Copy out each line of the material exactly. Pictures do not belong in the copy.

·····

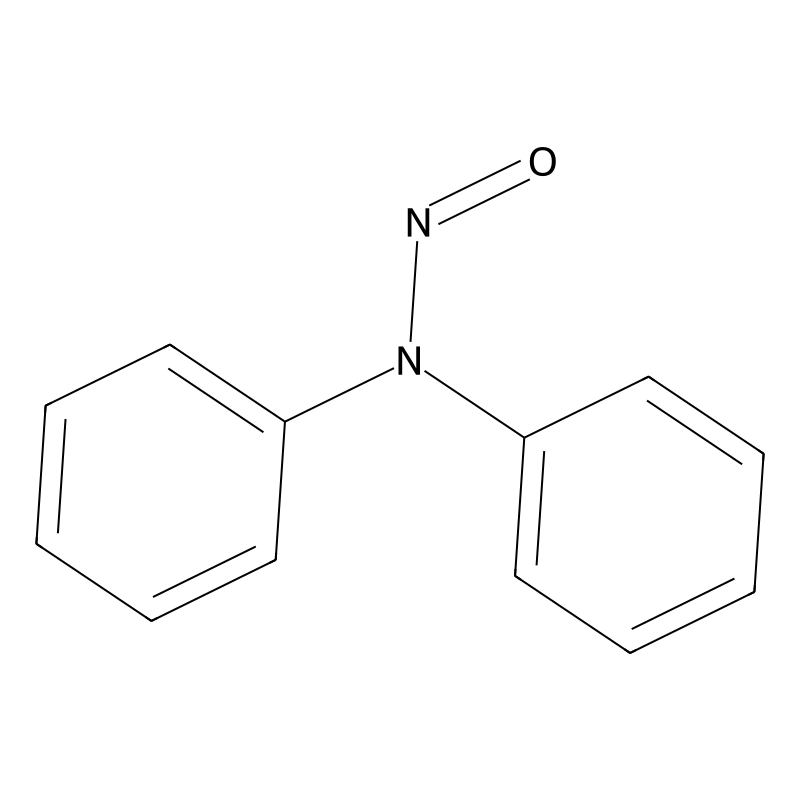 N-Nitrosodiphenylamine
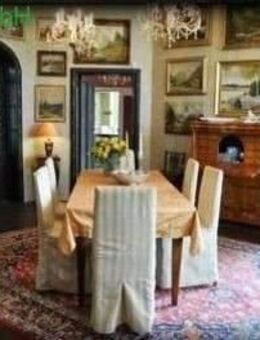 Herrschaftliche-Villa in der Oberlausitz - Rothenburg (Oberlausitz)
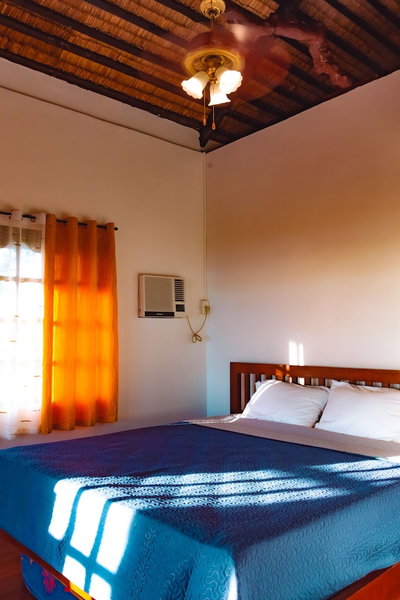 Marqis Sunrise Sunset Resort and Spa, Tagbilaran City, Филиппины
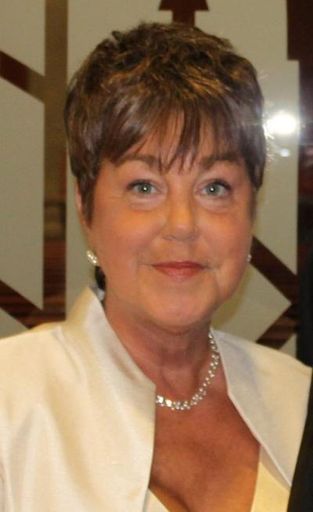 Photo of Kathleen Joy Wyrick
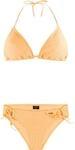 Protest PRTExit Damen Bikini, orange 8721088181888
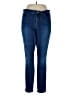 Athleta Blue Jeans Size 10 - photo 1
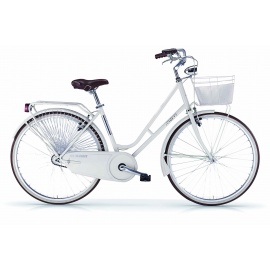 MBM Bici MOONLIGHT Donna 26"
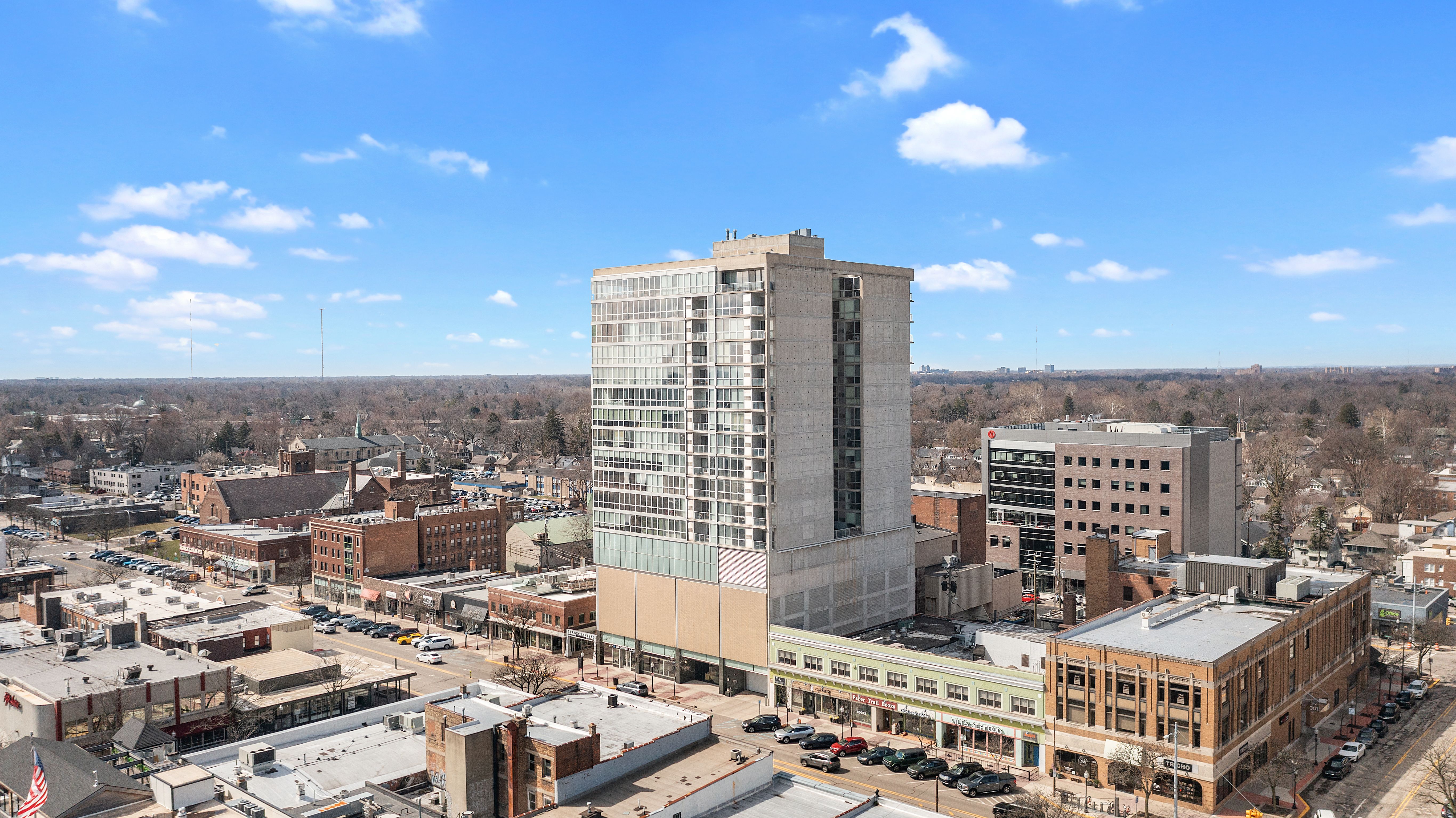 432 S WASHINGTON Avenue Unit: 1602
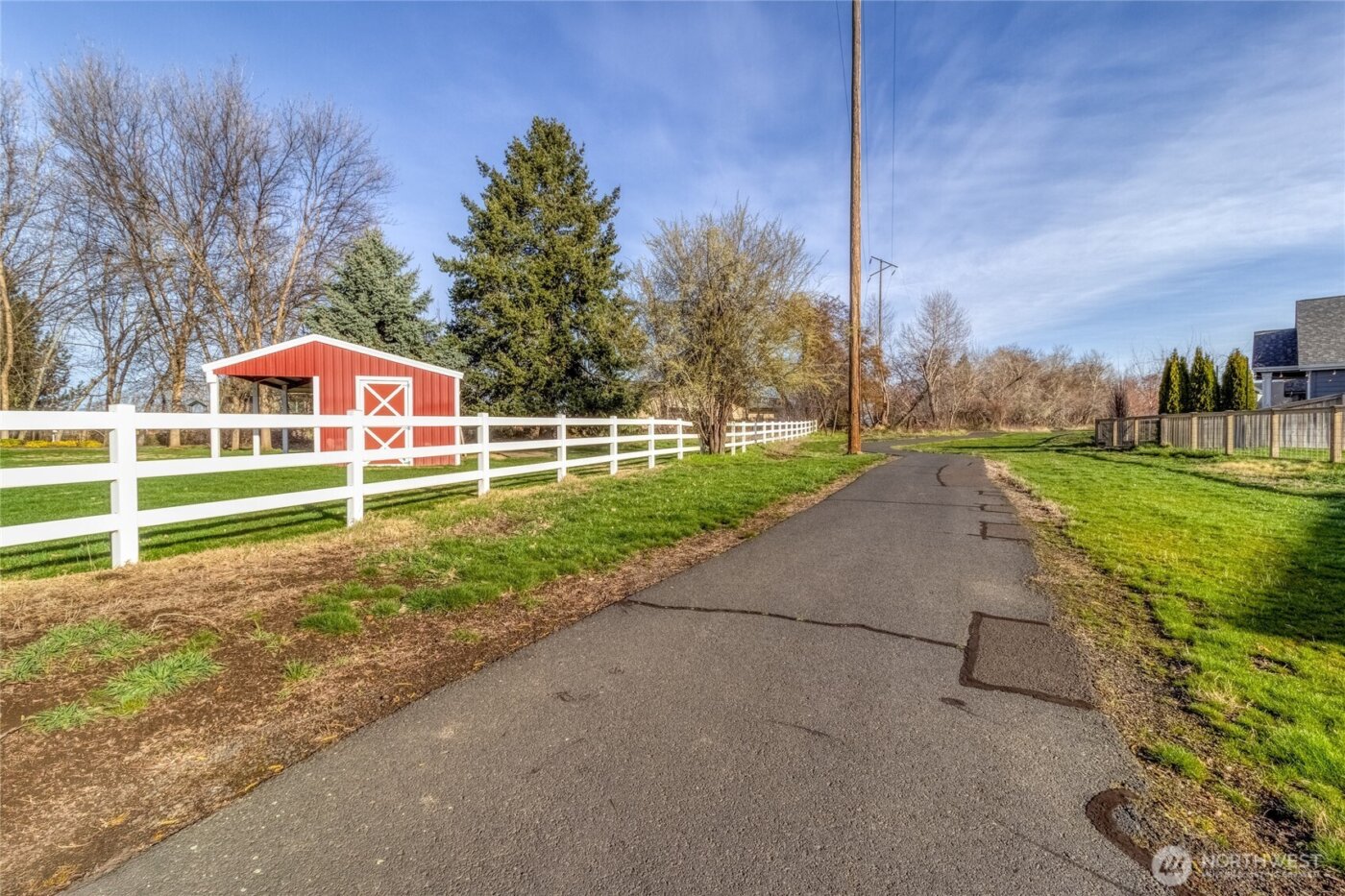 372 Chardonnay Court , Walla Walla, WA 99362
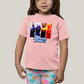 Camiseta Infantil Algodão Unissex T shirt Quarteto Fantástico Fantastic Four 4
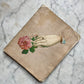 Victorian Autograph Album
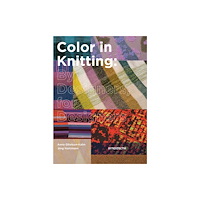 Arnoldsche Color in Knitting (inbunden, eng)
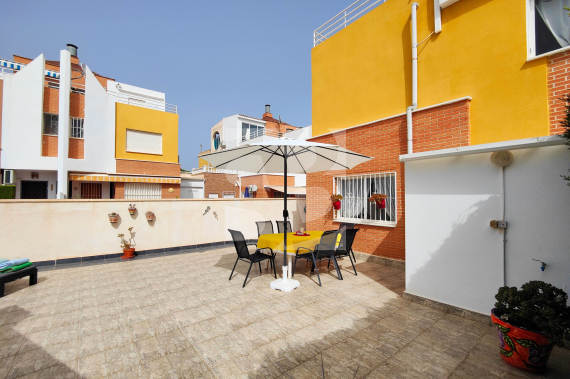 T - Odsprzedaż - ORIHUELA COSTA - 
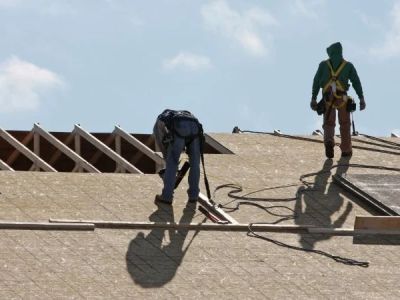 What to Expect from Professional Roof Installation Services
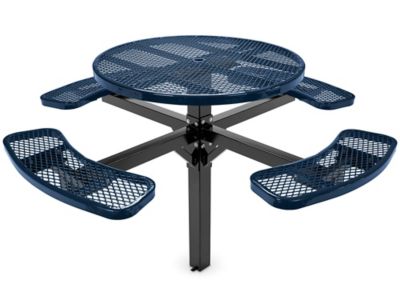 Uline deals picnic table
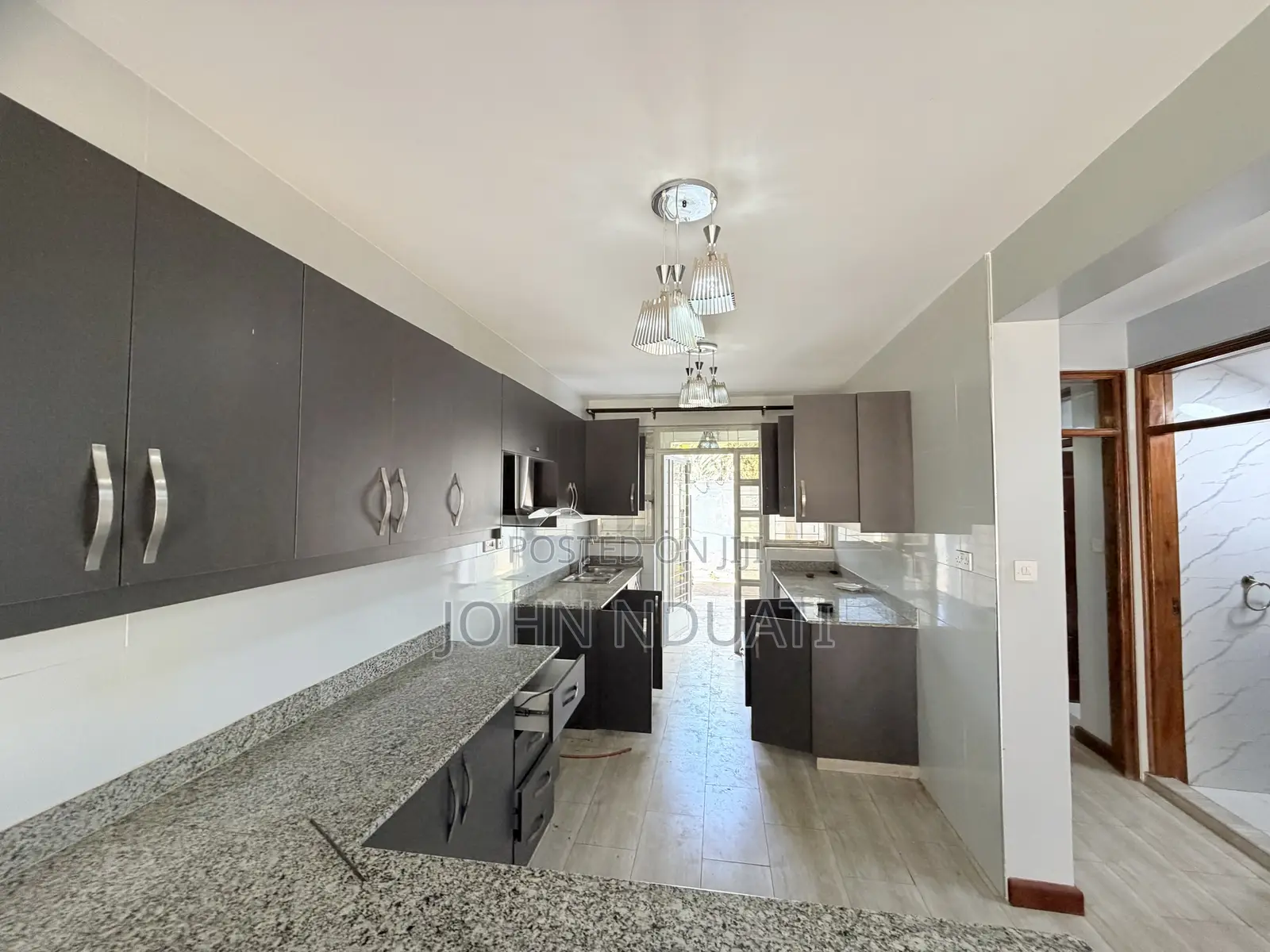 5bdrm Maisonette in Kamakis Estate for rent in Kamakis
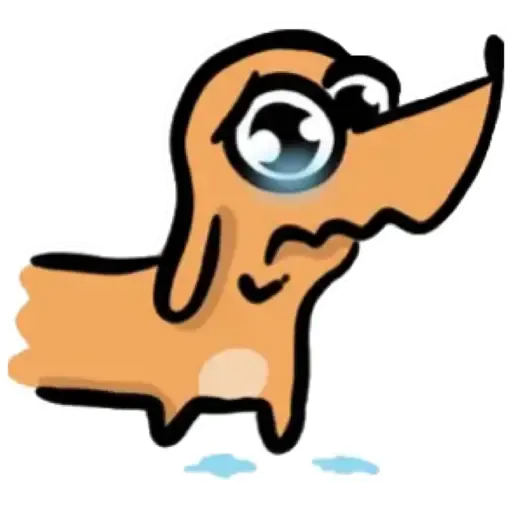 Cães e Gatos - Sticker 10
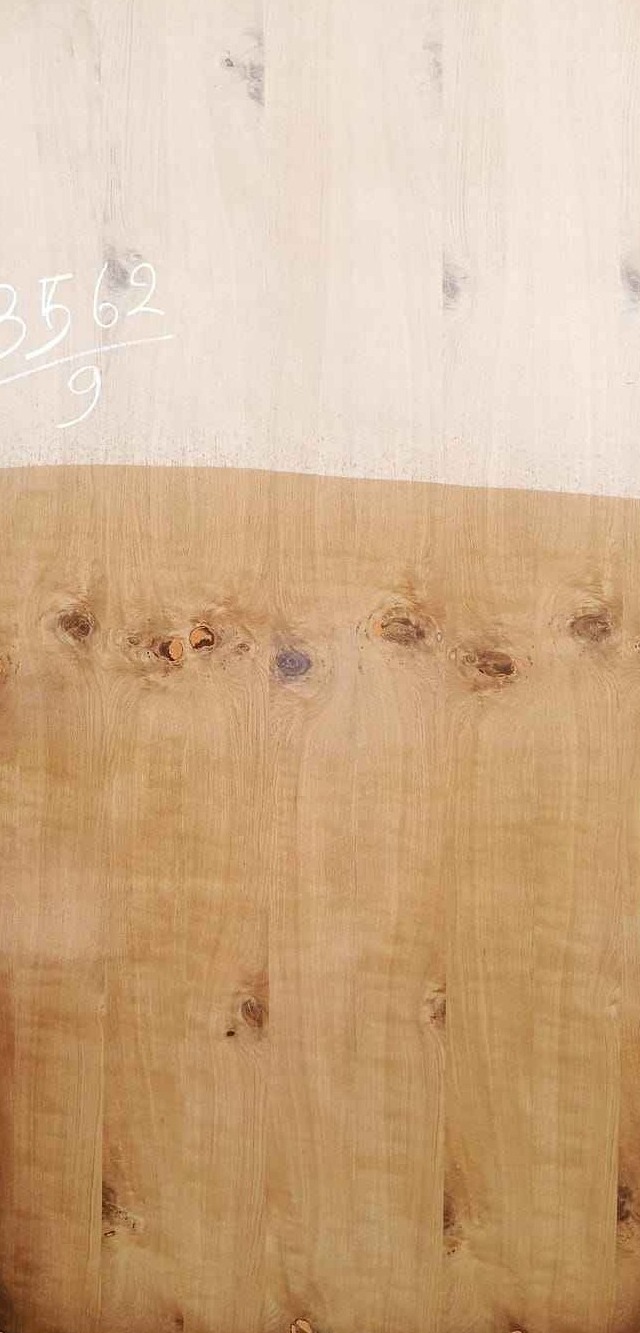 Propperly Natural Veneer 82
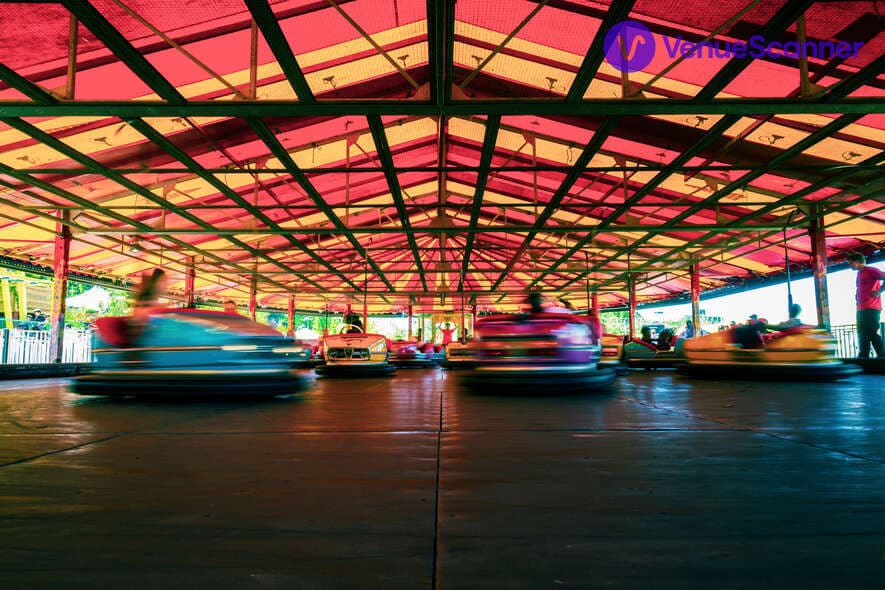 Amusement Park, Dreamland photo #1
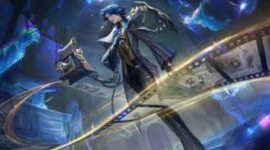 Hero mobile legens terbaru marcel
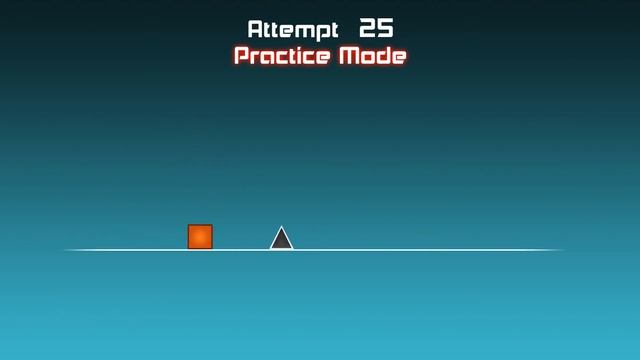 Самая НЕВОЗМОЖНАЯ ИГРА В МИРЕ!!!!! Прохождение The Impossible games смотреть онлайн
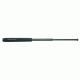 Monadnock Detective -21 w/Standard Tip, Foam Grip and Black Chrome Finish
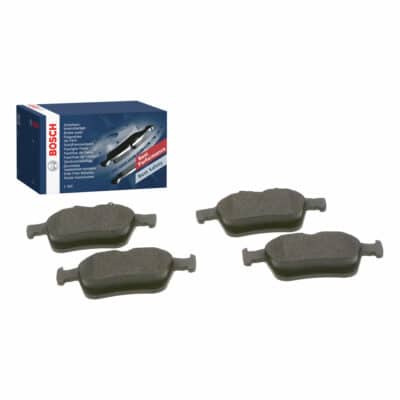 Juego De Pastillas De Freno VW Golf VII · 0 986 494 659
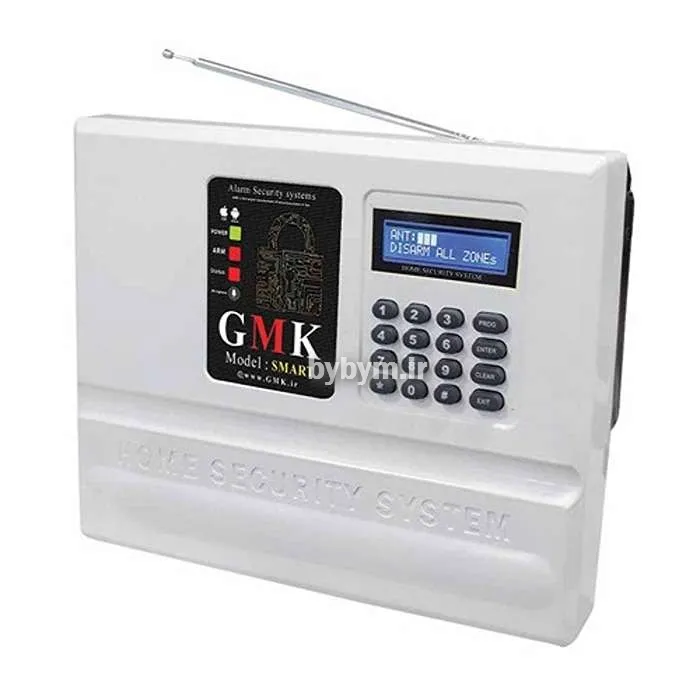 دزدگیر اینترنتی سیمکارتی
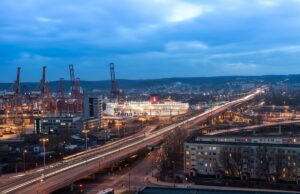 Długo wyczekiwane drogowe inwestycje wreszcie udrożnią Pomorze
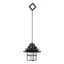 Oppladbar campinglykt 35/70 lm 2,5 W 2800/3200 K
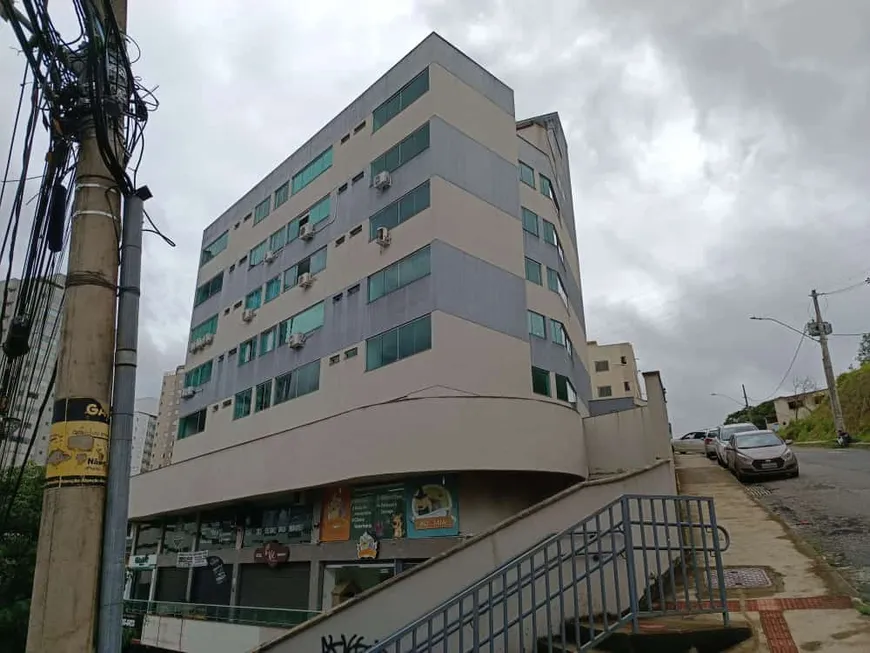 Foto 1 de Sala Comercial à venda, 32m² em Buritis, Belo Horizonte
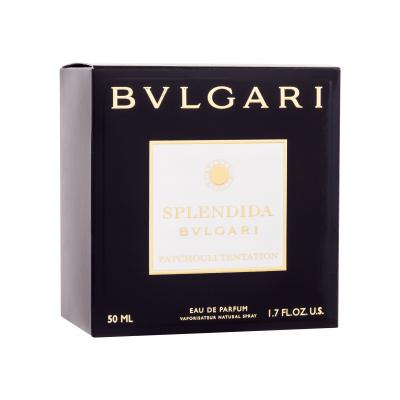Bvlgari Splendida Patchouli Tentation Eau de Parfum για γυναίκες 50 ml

·····

▸ **TASK OUTPUT**
 N-Nitrosodiphenylamine
 Herrschaftliche-Villa in der Oberlausitz - Rothenburg (Oberlausitz)
 Marqis Sunrise Sunset Resort and Spa, Tagbilaran City, Филиппины
 Photo of Kathleen Joy Wyrick
 Protest PRTExit Damen Bikini, orange 8721088181888
 Athleta Blue Jeans Size 10 - photo 1
 MBM Bici MOONLIGHT Donna 26"
 432 S WASHINGTON Avenue Unit: 1602
 372 Chardonnay Court , Walla Walla, WA 99362
 Camiseta Infantil Algodão Unissex T shirt Quarteto Fantástico Fantastic Four 4
 Victorian Autograph Album
 Arnoldsche Color in Knitting (inbunden, eng)
 T - Odsprzedaż - ORIHUELA COSTA - 
 What to Expect from Professional Roof Installation Services
 Uline deals picnic table
 5bdrm Maisonette in Kamakis Estate for rent in Kamakis
 Cães e Gatos - Sticker 10
 Propperly Natural Veneer 82
 Amusement Park, Dreamland photo #1
 Hero mobile legens terbaru marcel
 Самая НЕВОЗМОЖНАЯ ИГРА В МИРЕ!!!!! Прохождение The Impossible games смотреть онлайн
 Monadnock Detective -21 w/Standard Tip, Foam Grip and Black Chrome Finish
 Juego De Pastillas De Freno VW Golf VII · 0 986 494 659
 دزدگیر اینترنتی سیمکارتی
 Długo wyczekiwane drogowe inwestycje wreszcie udrożnią Pomorze
 Oppladbar campinglykt 35/70 lm 2,5 W 2800/3200 K
 Foto 1 de Sala Comercial à venda, 32m² em Buritis, Belo Horizonte
Bvlgari Splendida Patchouli Tentation Eau de Parfum για γυναίκες 50 ml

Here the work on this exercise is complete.